Stored items
+-------+

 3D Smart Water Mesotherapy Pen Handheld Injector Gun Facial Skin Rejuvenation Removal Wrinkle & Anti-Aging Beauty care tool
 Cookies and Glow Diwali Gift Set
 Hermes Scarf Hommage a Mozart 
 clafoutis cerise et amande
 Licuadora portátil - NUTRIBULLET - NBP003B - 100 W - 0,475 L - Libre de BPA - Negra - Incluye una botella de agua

+-------+

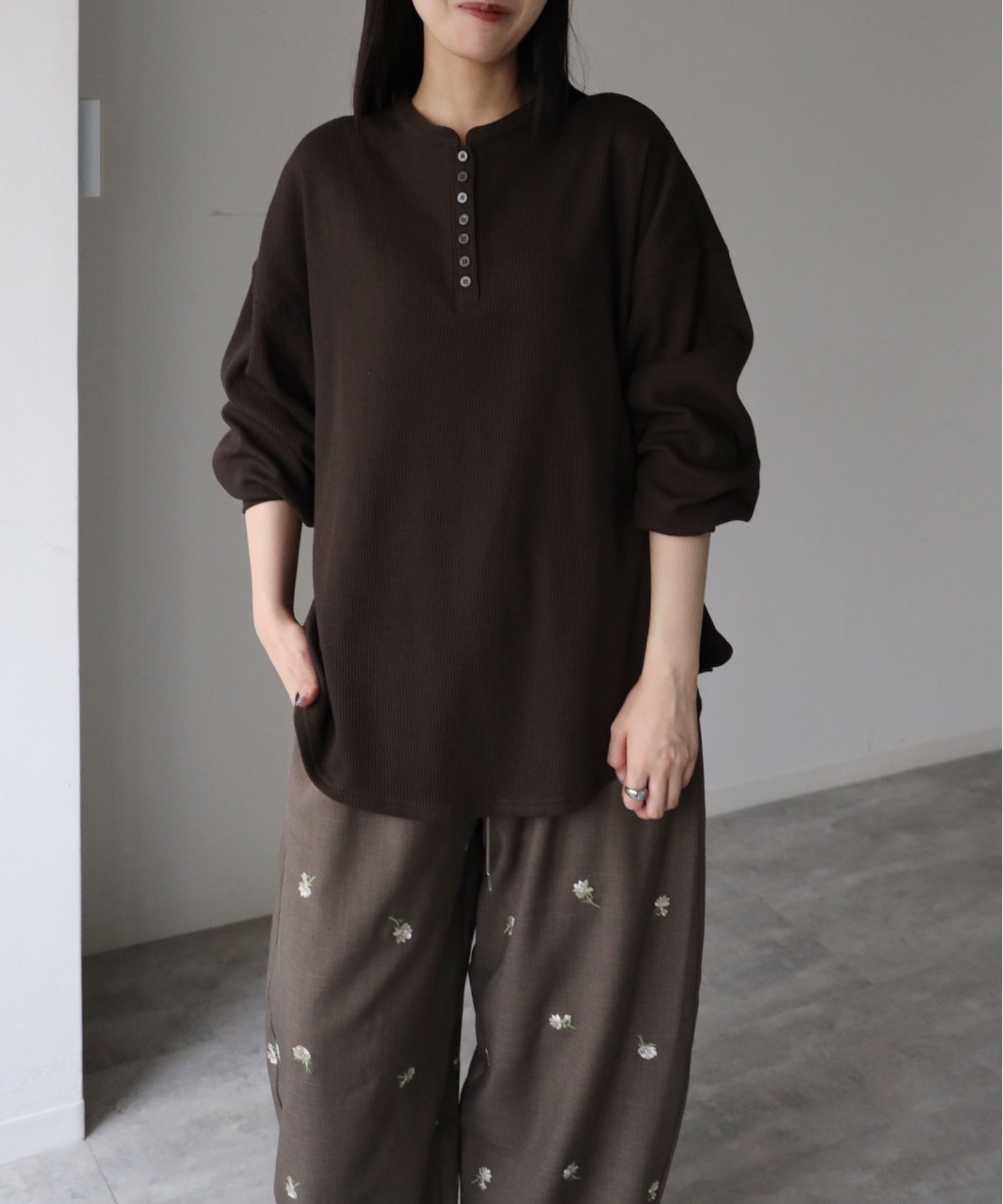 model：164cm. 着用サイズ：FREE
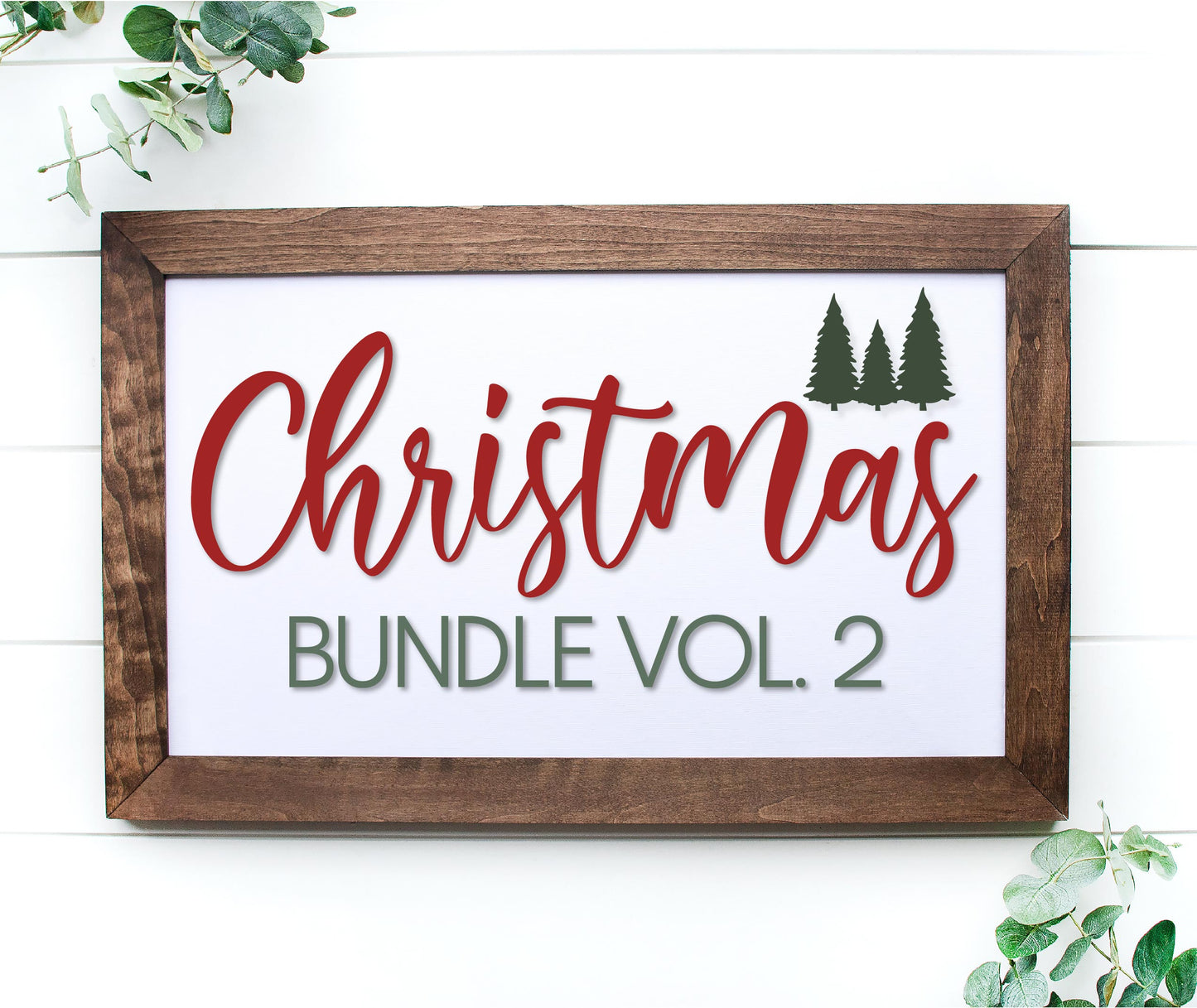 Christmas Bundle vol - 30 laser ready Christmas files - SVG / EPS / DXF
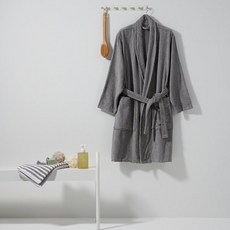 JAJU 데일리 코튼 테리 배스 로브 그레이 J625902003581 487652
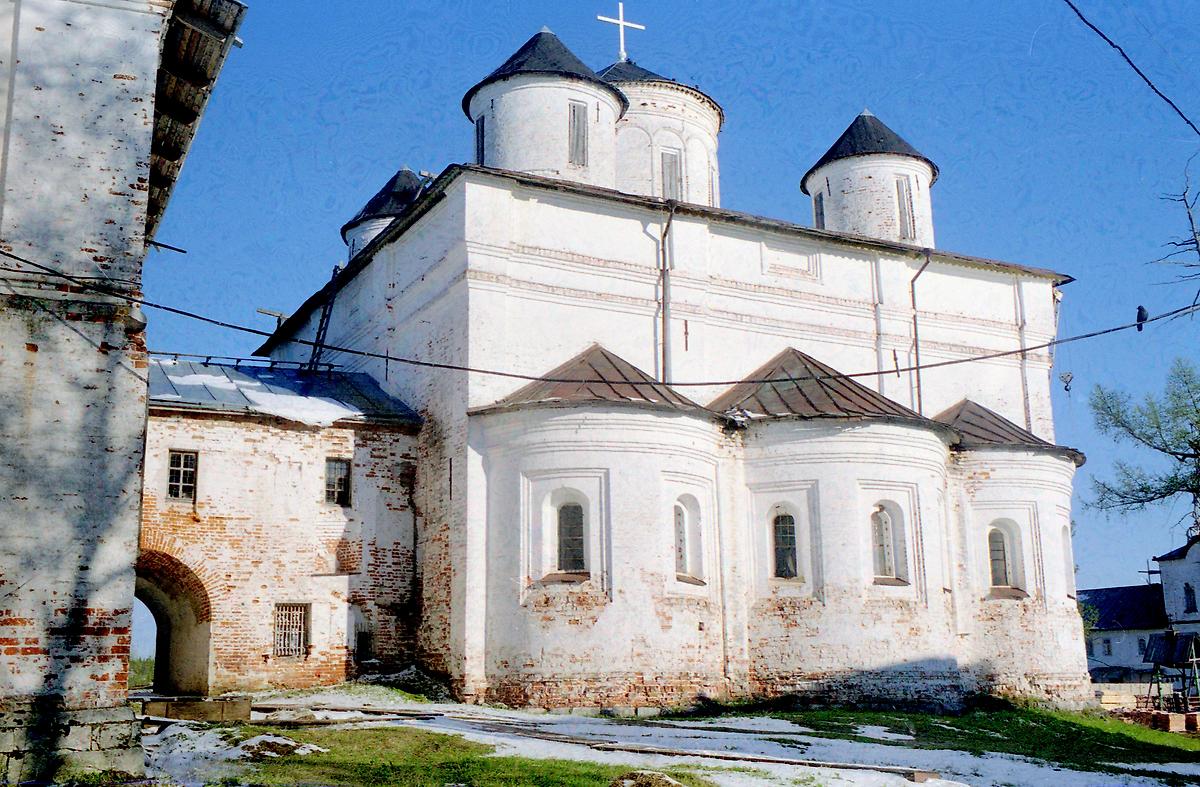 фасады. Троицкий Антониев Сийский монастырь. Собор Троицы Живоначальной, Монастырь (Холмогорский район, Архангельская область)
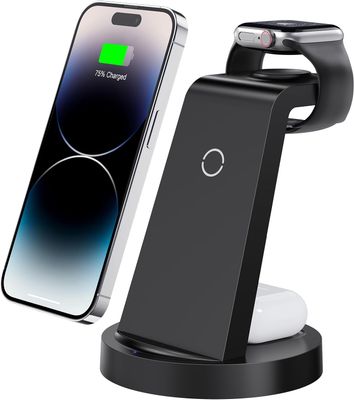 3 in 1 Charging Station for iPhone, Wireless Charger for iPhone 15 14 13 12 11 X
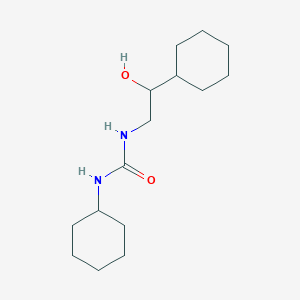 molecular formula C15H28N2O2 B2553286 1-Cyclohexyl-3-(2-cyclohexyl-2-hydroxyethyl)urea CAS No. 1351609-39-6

+-------+

- Work instruction -
Would you output only the span of the records above that opens with the line containing "3 in 1 Charging" and closes with the line containing "molecular formula C15H28N2O2", ends included and pictures dropped?

- Answer for the task -
 3 in 1 Charging Station for iPhone, Wireless Charger for iPhone 15 14 13 12 11 X
 molecular formula C15H28N2O2 B2553286 1-Cyclohexyl-3-(2-cyclohexyl-2-hydroxyethyl)urea CAS No. 1351609-39-6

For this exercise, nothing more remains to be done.